- _Assignment_
Retype exactly the span of lines below from the one with "Open BellaMarque Lash" through the one with "Fishing adventures, carp". Do not include pictures.
═════ The data ═════
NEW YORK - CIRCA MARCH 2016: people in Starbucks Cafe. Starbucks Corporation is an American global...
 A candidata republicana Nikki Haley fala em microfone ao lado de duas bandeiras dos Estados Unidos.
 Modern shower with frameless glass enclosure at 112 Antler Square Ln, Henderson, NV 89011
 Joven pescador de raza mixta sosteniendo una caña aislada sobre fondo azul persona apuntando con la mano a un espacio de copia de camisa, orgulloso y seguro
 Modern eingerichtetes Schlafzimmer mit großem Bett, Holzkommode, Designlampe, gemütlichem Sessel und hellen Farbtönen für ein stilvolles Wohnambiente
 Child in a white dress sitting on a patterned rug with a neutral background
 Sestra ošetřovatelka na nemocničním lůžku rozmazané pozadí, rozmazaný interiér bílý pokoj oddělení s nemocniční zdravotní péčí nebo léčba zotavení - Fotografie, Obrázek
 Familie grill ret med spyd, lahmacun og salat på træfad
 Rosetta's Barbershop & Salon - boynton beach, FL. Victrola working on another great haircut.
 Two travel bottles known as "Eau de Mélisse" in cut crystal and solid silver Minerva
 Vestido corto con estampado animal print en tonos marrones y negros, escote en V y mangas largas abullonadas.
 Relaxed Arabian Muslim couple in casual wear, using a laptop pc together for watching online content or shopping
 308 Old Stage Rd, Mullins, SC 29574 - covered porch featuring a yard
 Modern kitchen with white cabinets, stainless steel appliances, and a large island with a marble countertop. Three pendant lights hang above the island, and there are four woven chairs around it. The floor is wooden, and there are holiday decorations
═════
═════ The data ═════
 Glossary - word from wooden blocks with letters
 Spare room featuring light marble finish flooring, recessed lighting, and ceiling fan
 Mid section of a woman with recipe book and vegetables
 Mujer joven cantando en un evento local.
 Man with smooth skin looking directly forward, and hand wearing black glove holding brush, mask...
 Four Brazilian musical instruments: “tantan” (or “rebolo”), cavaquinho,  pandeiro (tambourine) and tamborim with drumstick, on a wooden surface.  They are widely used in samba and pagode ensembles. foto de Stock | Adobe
═════
═════ The data ═════
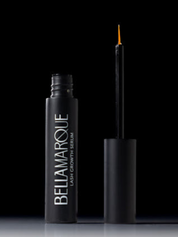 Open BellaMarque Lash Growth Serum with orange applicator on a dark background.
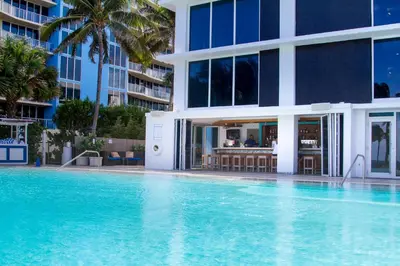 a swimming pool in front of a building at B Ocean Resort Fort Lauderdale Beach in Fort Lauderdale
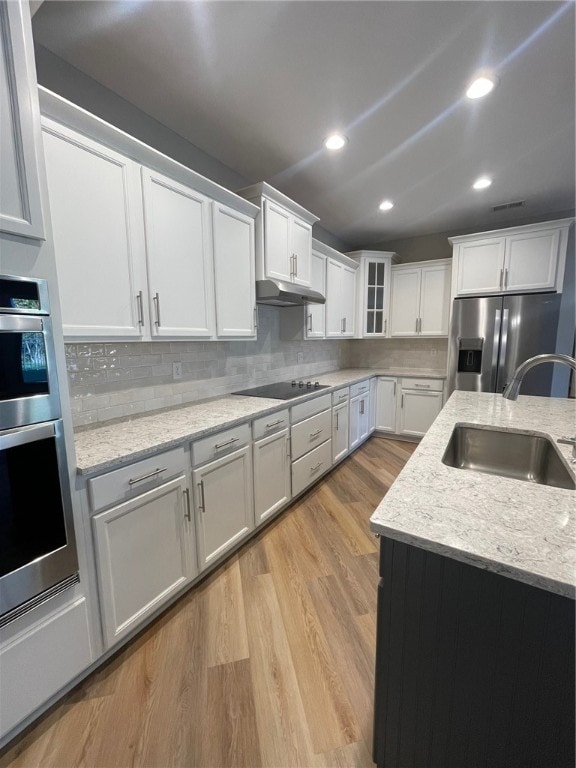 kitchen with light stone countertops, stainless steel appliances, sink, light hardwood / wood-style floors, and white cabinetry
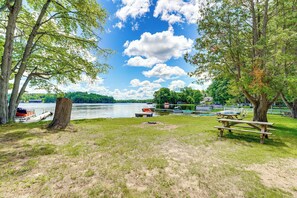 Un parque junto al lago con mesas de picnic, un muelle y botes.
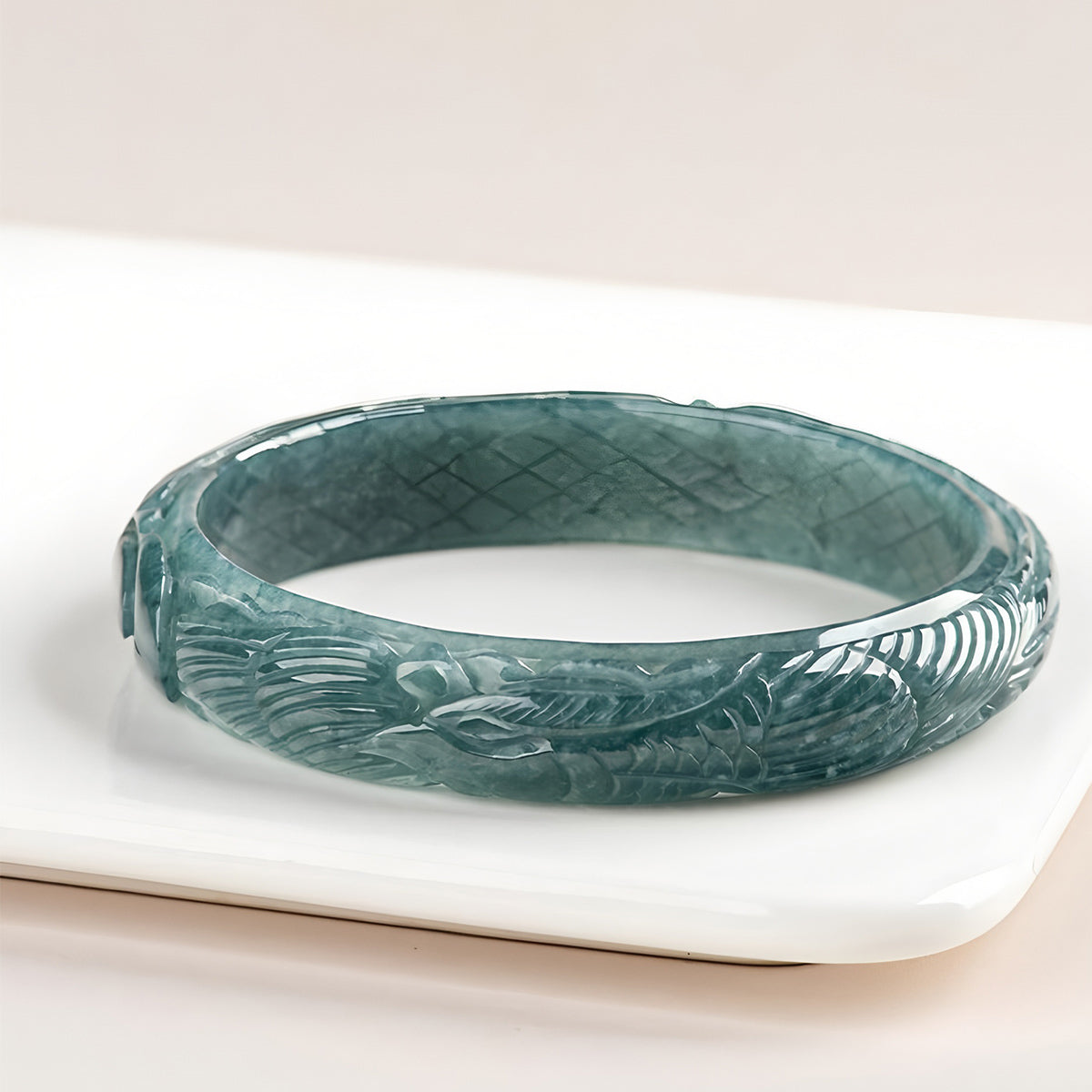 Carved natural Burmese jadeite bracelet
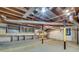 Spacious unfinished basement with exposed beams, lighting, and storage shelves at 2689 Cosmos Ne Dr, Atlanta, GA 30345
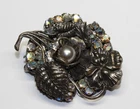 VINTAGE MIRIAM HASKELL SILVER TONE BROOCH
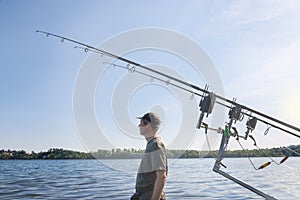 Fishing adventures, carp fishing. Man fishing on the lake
═════
- _Completed exercise_
 Open BellaMarque Lash Growth Serum with orange applicator on a dark background.
 a swimming pool in front of a building at B Ocean Resort Fort Lauderdale Beach in Fort Lauderdale
 kitchen with light stone countertops, stainless steel appliances, sink, light hardwood / wood-style floors, and white cabinetry
 Un parque junto al lago con mesas de picnic, un muelle y botes.
 Carved natural Burmese jadeite bracelet
 Spacious unfinished basement with exposed beams, lighting, and storage shelves at 2689 Cosmos Ne Dr, Atlanta, GA 30345
 VINTAGE MIRIAM HASKELL SILVER TONE BROOCH
 Fishing adventures, carp fishing. Man fishing on the lake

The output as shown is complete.